Um estudo conduzido por acadêmicos da Universidade de Brasília e da Universidade Federal do Rio de Janeiro revelou que a implementação da tarifa zero no transporte público em todas as 27 capitais brasileiras poderia injetar R$ 60,3 bilhões na economia do país.
Essa iniciativa eliminaria os custos diários com passagens, gerando um efeito econômico semelhante ao que foi observado com o programa Bolsa Família. Com isso, as famílias de menor renda teriam um alívio financeiro imediato, o que incentivaria o consumo de bens e serviços e aumentaria a arrecadação de impostos em vários setores.
O professor Thiago Trindade, do Instituto de Ciência Política da UnB, liderou a pesquisa intitulada A Tarifa Zero no Transporte Público como Política de Distribuição de Renda. O projeto abrange a gratuidade nos ônibus e nos sistemas metroferroviários das regiões metropolitanas do Brasil.
Os dados coletados pelos pesquisadores indicam que os benefícios já concedidos a idosos, estudantes e pessoas com deficiência totalizam aproximadamente R$ 14,7 bilhões em isenções tarifárias. Considerando essas isenções, a contribuição líquida para a economia poderia alcançar R$ 45,6 bilhões anuais.
Trindade argumenta que essa injeção financeira funcionaria como um salário indireto para a população. Ao eliminar o gasto obrigatório com transporte, haveria um aumento na renda disponível das famílias e uma maior movimentação no mercado interno.
A pesquisa destaca que os grupos mais favorecidos seriam a população negra e os moradores das periferias urbanas. Além disso, as mulheres que sustentam suas famílias e precisam percorrer longas distâncias para trabalhar ou estudar também se beneficiariam significativamente da gratuidade.
O estudo foi financiado pela Frente Parlamentar em Defesa da Tarifa Zero no Congresso Nacional e recebeu apoio da Fundação Rosa Luxemburgo. Os autores enfatizam que essa política ajudaria na redução das desigualdades regionais em relação ao acesso a empregos e oportunidades educacionais.

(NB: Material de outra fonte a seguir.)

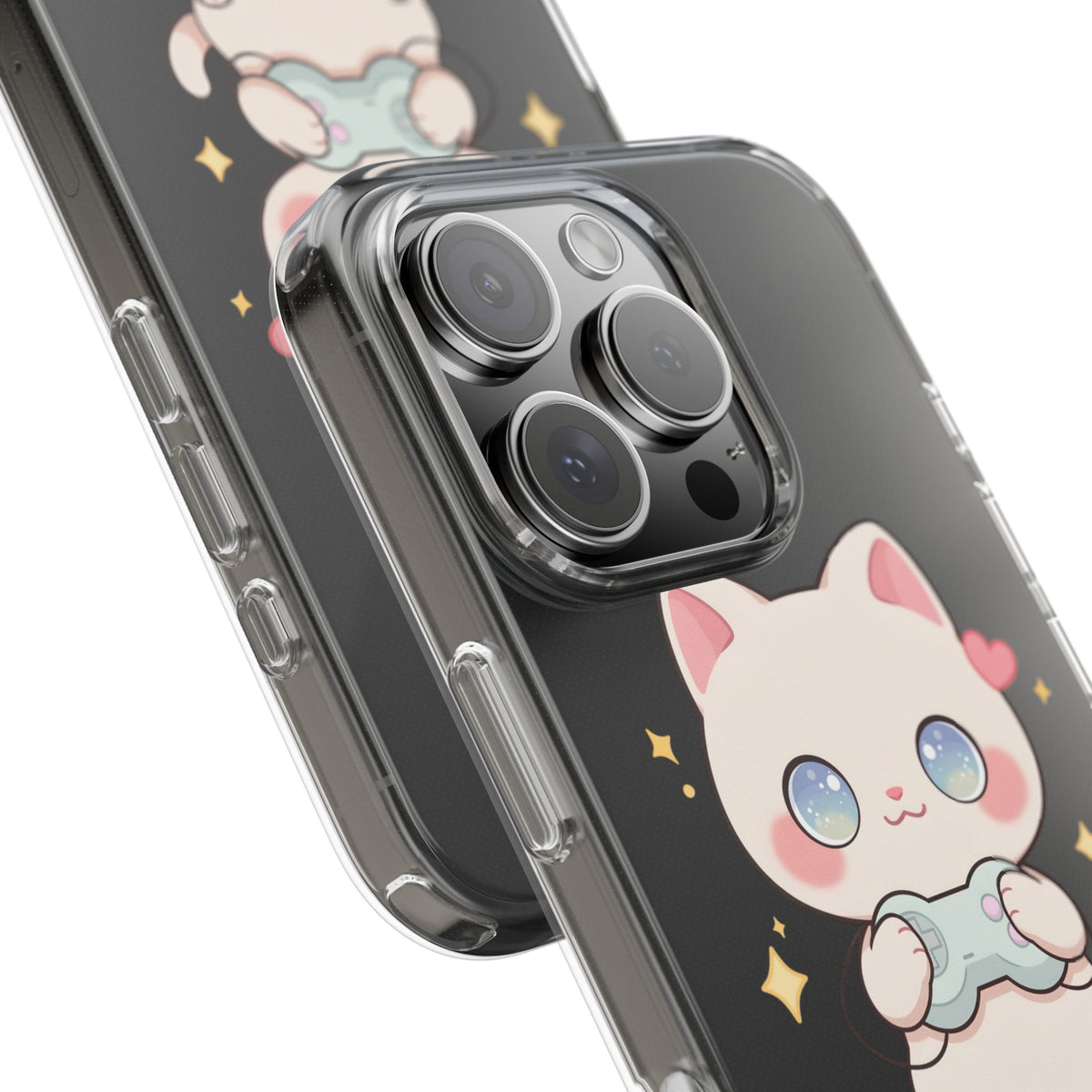 Kawaii Gamer Cat Clear Phone Case for Gaming Fans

Uma proposta para financiar o programa inclui reformular o sistema atual de vale-transporte. Apenas empresas com mais de dez funcionários, tanto públicas quanto privadas, passariam a contribuir para custear a gratuidade, deixando 81,5% dos estabelecimentos livres dessa responsabilidade.
Os pesquisadores ressaltam que essa proposta não acarretaria um ônus adicional ao orçamento federal. A contribuição solidária do setor produtivo seria suficiente para garantir o equilíbrio nas contas públicas e viabilizar a continuidade do programa.
Com essa mudança, milhões de famílias poderiam redirecionar os recursos anteriormente gastos com passagens para alimentação, lazer e educação infantil. Os acadêmicos comparam esse impacto ao efeito positivo gerado pelo Bolsa Família sobre o consumo interno.
Os autores defendem que o transporte público deve ser considerado um direito social, assim como saúde e educação. A implementação da tarifa zero reforçaria o caráter público do sistema de mobilidade e proporcionaria melhorias significativas na qualidade de vida da população.
A íntegra da pesquisa está disponível no portal Carta Capital, que fornece detalhes sobre todos os cálculos e premissas utilizadas pelos pesquisadores. Os organizadores propõem um debate entre diferentes esferas governamentais para viabilizar a execução dessa medida.